Investment in the hospitality sector continues to grow and has reached record levels in Europe, exceeding 20 billion euros. Italia is also following this trend, with 2.5 billion in investment forecast for 2025, confirming its position as one of the most dynamic markets alongside other southern European countries. The current landscape, outlook and strategies of industry players were the focus of the first edition of Il Sole 24 Ore’s Real Estate & Hospitality Summit, held yesterday in Rome at the Hotel Villa Pamphili. Despite an unsettling geopolitical climate, the hospitality sector therefore continues to perform exceptionally well, confirming its resilience. The challenges facing the sector and the need to support its growth were also highlighted at the opening of the event, which was attended by the editor-in-chief of *Il Sole 24 Ore*, Fabio Tamburini, and the chair of the *Il Sole 24 Ore* Group, Maria Carmela Colaiacovo.

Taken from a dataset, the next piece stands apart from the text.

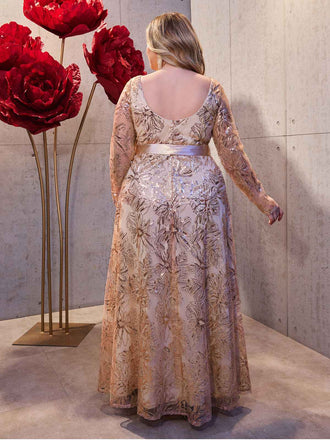 [Grande Taille] Robe en résille col en V profond dos nu à paillettes dorés style années 30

The rise of family offices

At market level, Europe continues to benefit from positive trends in terms of both tourist flows and investment. “What’s new compared to the past is that more and more people are choosing to take up residence on the continent, bringing their assets and capital with them. This trend is also driven by tax advantages,” explained Giuseppe Amitrano, founder and group CEO of Dils. The composition of investors is also changing. Compared with the past, there is a reduced presence of core institutional investors and certain large pension funds, such as those from Germany. “The most significant change is the rise of family offices, which are increasingly entering the sector and now account for around 30 per cent of investments,” pointed out Ofer Arbib, CEO of Colliers Global Investors Italy Sgr.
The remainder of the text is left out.